Another contrast-free approach to probe the spins with restricted motion is the T1-ρ technique, which explores spin–lattice relaxation within the rotating frame. Multiple studies have found increased T1-ρ in knee cartilage in patients with osteoarthritis due to the loss of proteoglycans and collagen (type II) integrity [41, 42], i.e. a decrease in the size of the macromolecular pool. However, 8 weeks post-MI, pigs also showed increased T1-ρ values associated with collagenous (mostly type I and III) scar [43, 44] where the size of the extracellular matrix (and macromolecular pool) was expected to have increased. In a study with acute MI patients, Muthupillai et al. suggested that changes in T1-ρ in the infarct zone were also associated with the loss in macromolecular content due to myocyte death [45].

At least two competing processes that may increase or decrease the size of the bound pool are at play in cardiac remodelling after MI, namely, the growth of the extracellular matrix and the death of protein-rich cardiomyocytes, respectively. The presence of connective tissue or oedema within the fibrotic scar may also increase the size of the free pool. Our results in 6-week-old (post MI) scar showed that MTR was significantly decreased, suggesting that the proposed MT preparation might be more sensitive to myocyte death rather than the known increase in collagen content associated with chronic infarct [46].

This interpretation would greatly benefit from data at various stages of the cardiac remodelling process to assess the specificity and utility of the technique in clinical practice. In an experimental mouse model, Vandsburger et al. reported increasing MT effects after induced MI from day 7 to 21 with a cine CEST technique [47]. To the best of our knowledge, there are no longitudinal studies in large animals that show the evolution of MTR or MT effects along the time course of the cardiac remodelling process beyond 6–8 weeks after MI.


The conflation of bound pool size, free pool size, exchange rate and all the relaxation rates into a single parameter, i.e. the MTR, may hinder the applicability of the technique within clinical settings, where oftentimes the aetiology of the scar may be unknown or multi-pronged.

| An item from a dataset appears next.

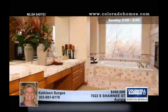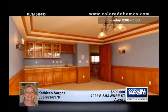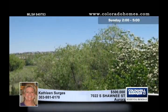A luxurious main floor master includes a fireplace. This ex-model home includes a large bonus room plus a loft, as well as a huge walkout basement.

In these cases, a quantitative approach using a multi-parameter MT model could be more appropriate.

The number of off-line post-processing steps and setup parameters may slow down widespread clinical adoption; however, more automated or end-product frameworks that apply many of these same techniques are currently being developed by the present research group and others.

The small number of pigs used in this study was a limitation; however, the results showed consistency across all three cases. Other limitations included the relatively long scan time and anisotropic resolution in the human subjects. The anisotropic resolution affected image quality, specifically when reformatting to orientations other than coronal. The resolution was compromised to maintain a short scan time (< 10 min) that was clinically appealing. Future work might benefit from isotropic resolution paired with an accelerated acquisition framework.


We have developed a non-contrast high-resolution 3D sequence that allows calculation of magnetization transfer ratio (MTR) maps for the assessment of myocardial scar and visualization of cardiac veins across the whole heart. Good agreement was found between MTR and LGE in a small cohort of pigs with 6-week-old scar. Further studies are warranted to fully characterize the potential of MT for imaging of myocardial fibrosis.